Prof. Dr. Haydar Baş'ın gazetemizde 20.07.2001 tarihli yayımlanan yazısıdır
Sanayileşmeyle beraber, yoğun bir üretim dönemine giren batı, mamullerine pazar bulabilmek için yeni yollar aramaya başladı.
Bu dönemde İngiltere, Fransa, İtalya gibi devletler sömürgelerinin sınırlarını genişletme yoluna gittiler. Yeni pazar arayışları sömürme metoduna da hız kazandırdı.
Bu yöntem, 21.yüzyılda "küresellik" ve "uluslararası ticaret ağı" gibi isimler altında uygulanmaya devam etmektedir.
Küreselleşme, sürekli üretim yapan güçlü devletlerin, mamullerinin pazar ağını genişletmek ve sürekli kılmak maksadıyla icad edilmiştir.
Bu yönüyle küresellik bir ticaret ağı değil, dünya çapında bir sömürü ağıdır.
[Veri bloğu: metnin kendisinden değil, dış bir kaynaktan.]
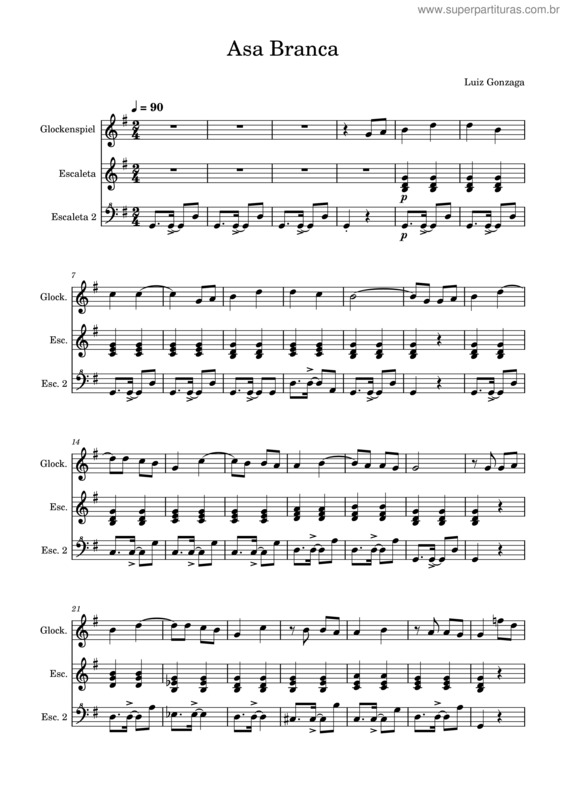 Partitura da música Asa Branca – Luiz Gonzaga Asa Branca v.8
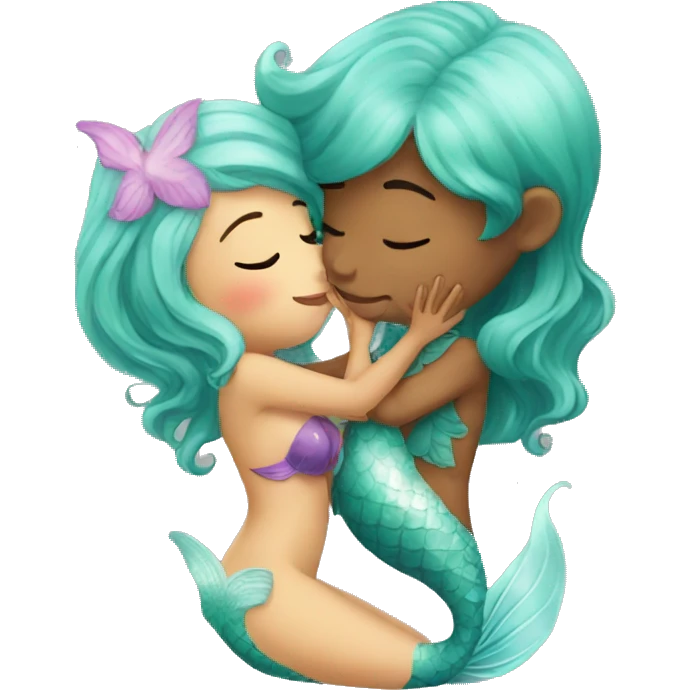 little cute mermaid kiss emoji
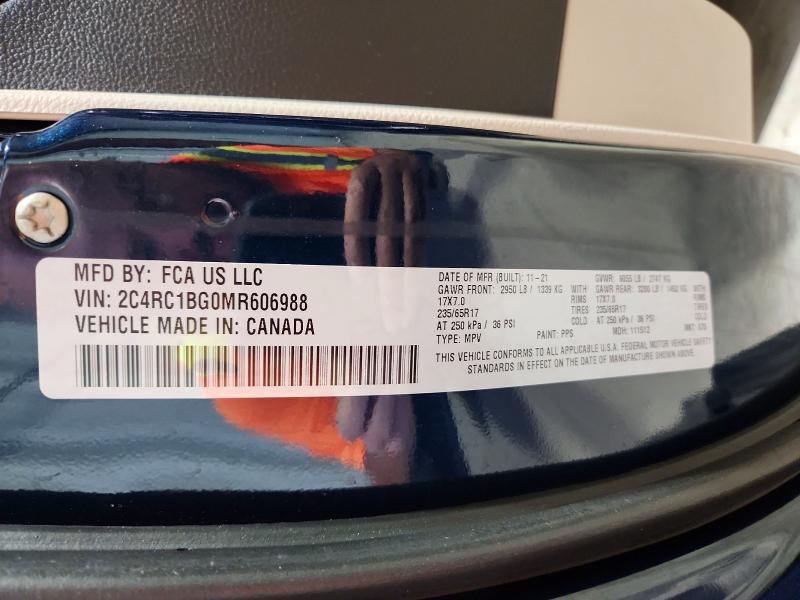 Aukcja sprzedaży 2021 Chrysler Pacifica, vin: 2C4RC1BG0MR606988, numer aukcji: 70136386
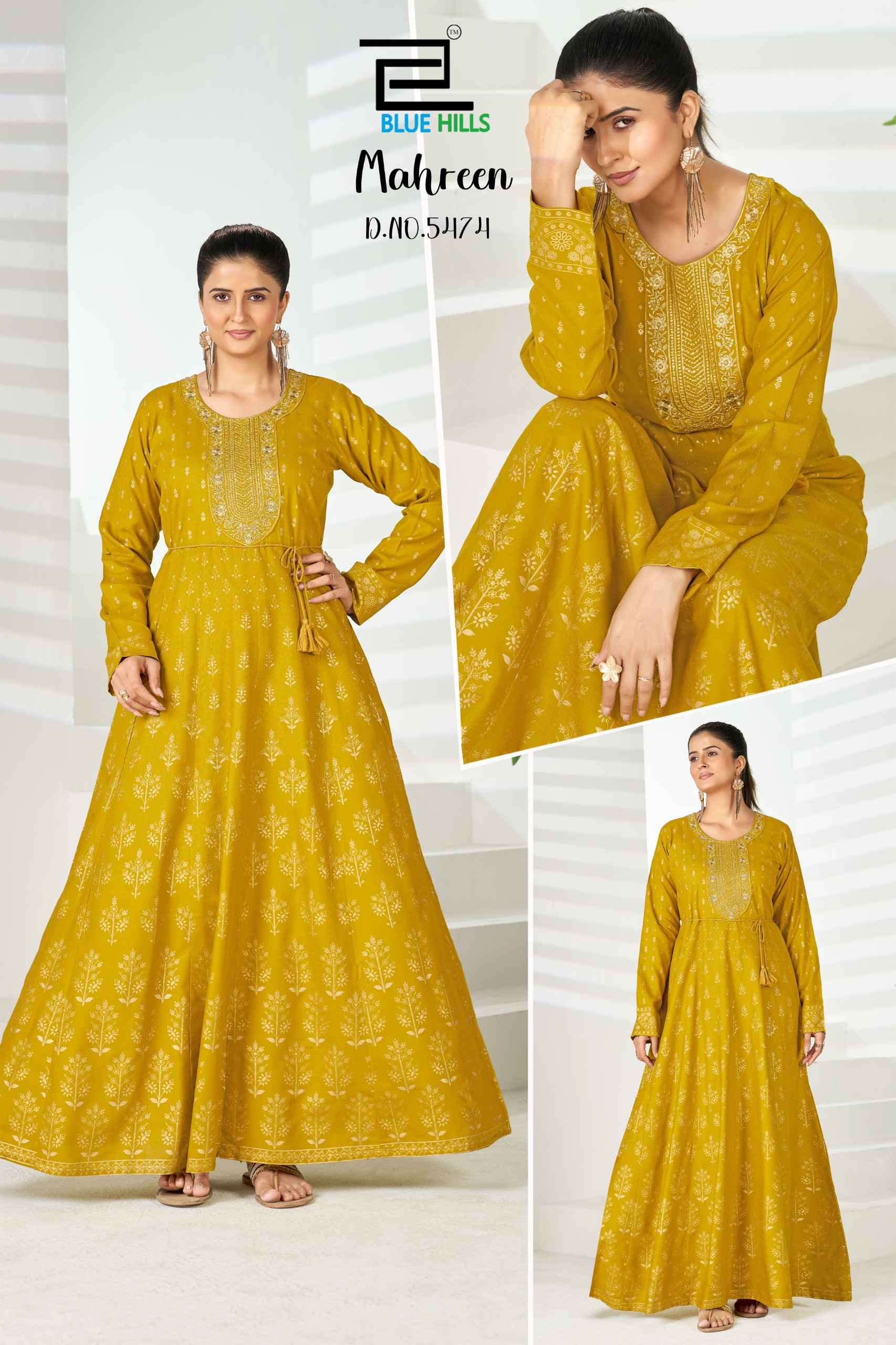 Blue Hills Mahreen Rayon Anarkali Gown 6 pcs Catalogue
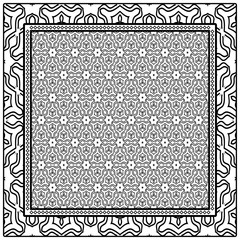 background, geometric pattern with ornate lace frame. illustration. for Scarf Print, Fabric, Covers, Scrapbooking, Bandana, Pareo, Shawl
Bu gerçeği bazı misallerle daha kolay anlayabiliriz.
G-7 diye adlandırılan ABD, Japonya, Kanada, Almanya, Fransa, İngiltere ve İtalya'dan oluşan 7 gelişmiş ülkenin dünya ihracatındaki payı % 50'ye yakındır.
Yine dünya ihracatının % 90'ını gelişmiş 30 ülke karşılamaktadır.
Bu çarkın yürüyebilmesi için, az gelişmiş ülkelerin, bu durumlarını korumaları şarttır. Gelişmiş batılı devletler, sömürmek ve kendilerine bağımlı kılabilmek için bu ülkeler üzerinde her türlü oyunu oynamaktadır.
Küresel ekonominin mimarları az gelişmiş ülkelere yatırımı sıfırlayıcı programları tavsiye ederler. Ağır sanayi, üretime yönelik yatırımlar, mâlî bağımsızlık, tarım ve maden işletmeciliği engellenir. Devletin gücü mümkün olduğu kadar daraltılmaya çalışılır.
Ulaşım, haberleşme gibi stratejik öneme sahip alanlar küresel sömürünün mimarı olan ülkelerde tamamen devlet kontrolünde iken, gelişmemiş ülkelere bunun tam tersi uygulamalar tavsiye edilir.
Türkiye'ye Telekom ve THY'nin yabancılara satılması için yapılan IMF dayatmaları herkesin malumudur. Ancak Almanya'ya baktığımızda Telekomun tamamen devlet koruması altında olduğu görülür, Fransa'da da durum aynıdır.
Alman Hava Yolları Lufthansa'nın % 52'si devlete aitken, Fransa'nın havayolu Air France devlet şirketidir.
Bu misalleri çoğaltmak mümkündür. Küresel sömürü ağının işleyebilmesi için, batı, kendi içinde "devleti, kamuyu ve milli yatırımları" alabildiğine desteklerken, az gelişmiş ülkelere "teşvikleri kesin, yatırımlarınızı durdurun, devleti küçültün" şeklinde baskı yapmaktadırlar. Kendi çıkar ve sömürü düzenlerinin yürümesi için bu şarttır.
Cenova'da düzenlenen G-7 zirvesinin çok geniş çaplı gösterilere sahne olması da, küreselleşmenin nasıl bir sömürü ağı olduğunun giderek daha iyi anlaşılmasından kaynaklanmaktadır.
Türkiye, bu uluslararası oyunların merkezindeki ülke olduğunu artık iyi anlamalıdır.
IMF reçeteleriyle kalkınma hayallerinin ülkemizi nasıl batma noktasına getirdiği ortadadır. Küresel güçler girdikleri her ülkede aynı oyunu oynamışlar ve hâlâ da oynamaktadırlar.
O halde göz göre göre bu oyunlara alet olmanın hiç bir mantıklı izahı olamaz. "Zararın neresinden dönülürse kârdır" prensibinden hareketle, uygulanan politikalardan bir an evvel dönülmesi şart ve zaruridir.